Le détroit d’Ormuz en danger : Comment quatre semaines de fermeture déclencheront une crise énergétique mondiale

Un expert en énergie a alerté UBS que la prolongation des perturbations au détroit d’Ormuz pour plus de quatre semaines pourrait provoquer une rupture inattendue des marchés pétroliers mondiaux. Selon ses analyses, les prix du pétrole pourraient atteindre 120 dollars le baril en raison d’une absence totale de réactivité des acteurs clés.

Actuellement, la majorité des flux maritimes mondiaux traversent ce passage vital, mais une intervention systémique a engendré un blocage progressif : menaces drones iraniennes et suspensions d’assurances par les compagnies navires interrompent le trafic, sauf pour quelques navires chinois.

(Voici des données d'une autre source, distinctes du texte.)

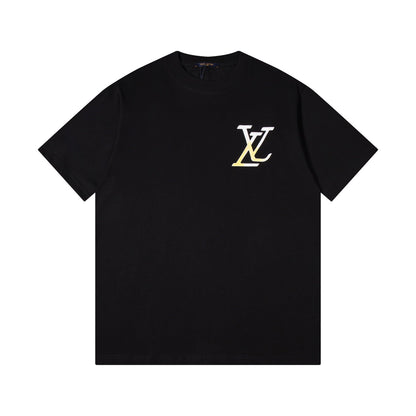 250520 New style painted graffiti collar T-shirt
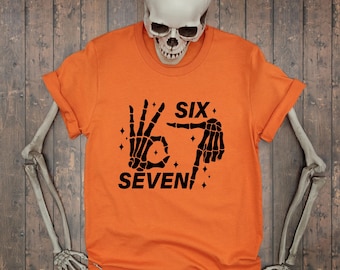 67 Skeleton Hand Halloween Shirt: Funny Meme Tee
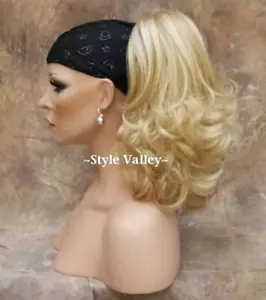 Blonde Mix Ponytail Hairpiece LONG Claw Clip in/on Curly Extension Hair Piece - Picture 1 of 2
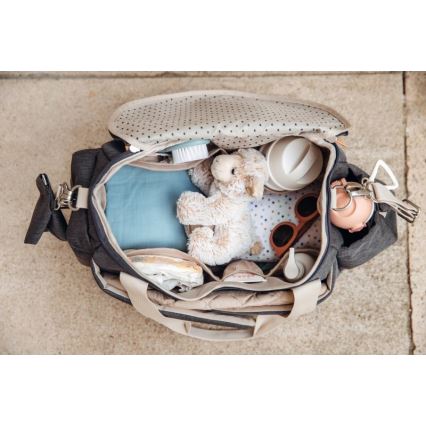 Beaba - Wickeltasche für Kinderwagen SYDNEY grau/beige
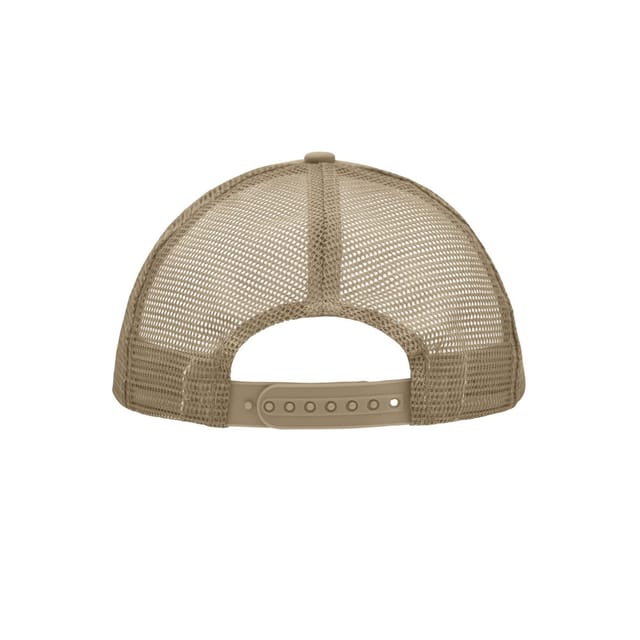 Myrtle Beach Myrtle Beach Men's 5 Panel Polyester Mesh Baseball Cap in Khaki - 2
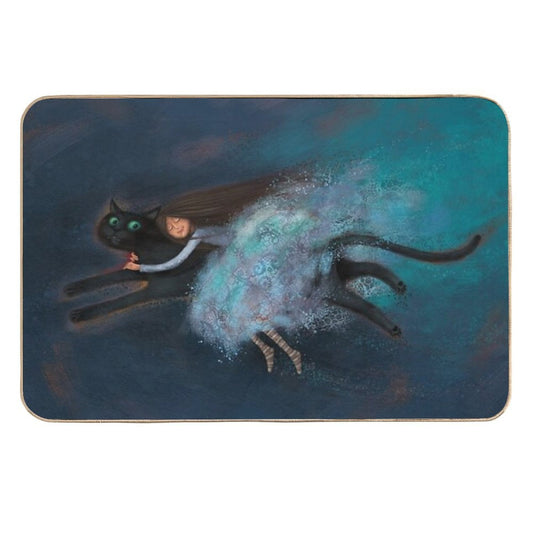 Flying on My Cat  Pet-Safe Bath Mat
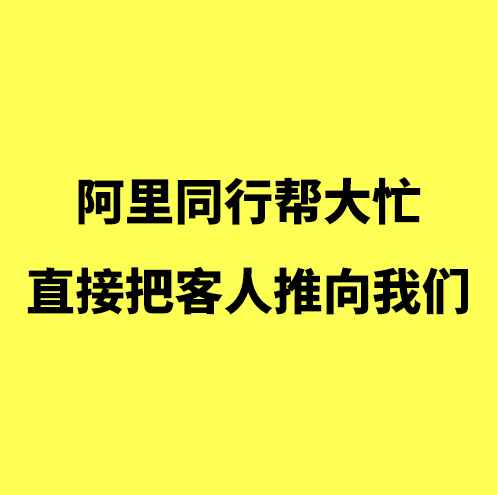 奉化阿里代运营/阿里运营同行帮大忙，直接把客人推向我们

L’expert souligne que même si la Chine libère de ses réserves pétrolières, elle pourrait restreindre les exportations, empêchant ainsi ces marchandises d’être intégrées aux marchés globaux. En outre, l’impact des réserves stratégiques américaines (SPR) est limité et l’Arabie saoudite ne peut pas répondre en temps réel à cette crise.

Ces conditions déclenchent une hausse brutale des prix, provoquée par la panique d’achats. Si le blocage persiste, les marchés pourraient atteindre 100 dollars par baril, avec des conséquences plus marquées sur le gaz naturel et les hydrocarbures que sur le pétrole lui-même.

L’analyse a également porté sur l’origine géopolitique de la crise. L’expert s’est interrogé en janvier sur pourquoi l’administration Trump avait conservé des réserves vénézuéliennes après le raid de Maduro, un fait qui pourrait préparer l’opération Epic Fury. Cette pratique montre comment les réserves stratégiques peuvent être utilisées pour provoquer des perturbations dans les chaînes d’approvisionnement mondial.

En cas de prolongation sans solution immédiate, il faudrait au moins deux mois pour rétablir une stabilité logistique. Sans coopération internationale, l’Union européenne et les pays arabes du Golfe subiraient des perturbations majeures, tandis que la Chine, bien qu’actuellement bénéficiaire, pourrait se retrouver confrontée à des défis structurels après plusieurs mois de conflit.

Cette crise énergétique, si elle persiste, menace de transformer les tensions géopolitiques en une réelle crise financière mondiale, mettant à l’épreuve la résilience des systèmes économiques actuels.